Task requirements:
Every line from the one containing "Ann Taylor Charcoal Gray Women's Pants" to the last line of the listing below should be given again exactly.

Data supplied:

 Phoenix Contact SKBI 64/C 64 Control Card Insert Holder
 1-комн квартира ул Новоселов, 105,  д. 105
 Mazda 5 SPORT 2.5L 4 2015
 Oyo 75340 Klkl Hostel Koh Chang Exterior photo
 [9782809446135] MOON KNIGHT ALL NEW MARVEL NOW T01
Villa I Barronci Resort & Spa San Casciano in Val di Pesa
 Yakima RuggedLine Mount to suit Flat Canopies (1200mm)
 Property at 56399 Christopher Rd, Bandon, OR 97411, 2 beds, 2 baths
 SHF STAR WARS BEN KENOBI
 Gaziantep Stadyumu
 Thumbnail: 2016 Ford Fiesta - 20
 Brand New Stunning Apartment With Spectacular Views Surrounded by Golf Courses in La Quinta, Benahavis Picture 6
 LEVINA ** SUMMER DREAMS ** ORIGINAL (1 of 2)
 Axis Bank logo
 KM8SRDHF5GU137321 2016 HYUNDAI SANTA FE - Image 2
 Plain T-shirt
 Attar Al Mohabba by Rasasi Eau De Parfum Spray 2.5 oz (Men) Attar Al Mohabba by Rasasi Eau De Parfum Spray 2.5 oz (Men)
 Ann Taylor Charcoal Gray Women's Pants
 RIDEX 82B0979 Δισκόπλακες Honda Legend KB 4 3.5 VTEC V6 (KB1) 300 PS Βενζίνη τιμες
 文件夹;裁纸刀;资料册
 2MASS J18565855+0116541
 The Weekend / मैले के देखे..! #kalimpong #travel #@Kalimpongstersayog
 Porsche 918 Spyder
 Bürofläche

Answer to the problem:
 Ann Taylor Charcoal Gray Women's Pants
 RIDEX 82B0979 Δισκόπλακες Honda Legend KB 4 3.5 VTEC V6 (KB1) 300 PS Βενζίνη τιμες
 文件夹;裁纸刀;资料册
 2MASS J18565855+0116541
 The Weekend / मैले के देखे..! #kalimpong #travel #@Kalimpongstersayog
 Porsche 918 Spyder
 Bürofläche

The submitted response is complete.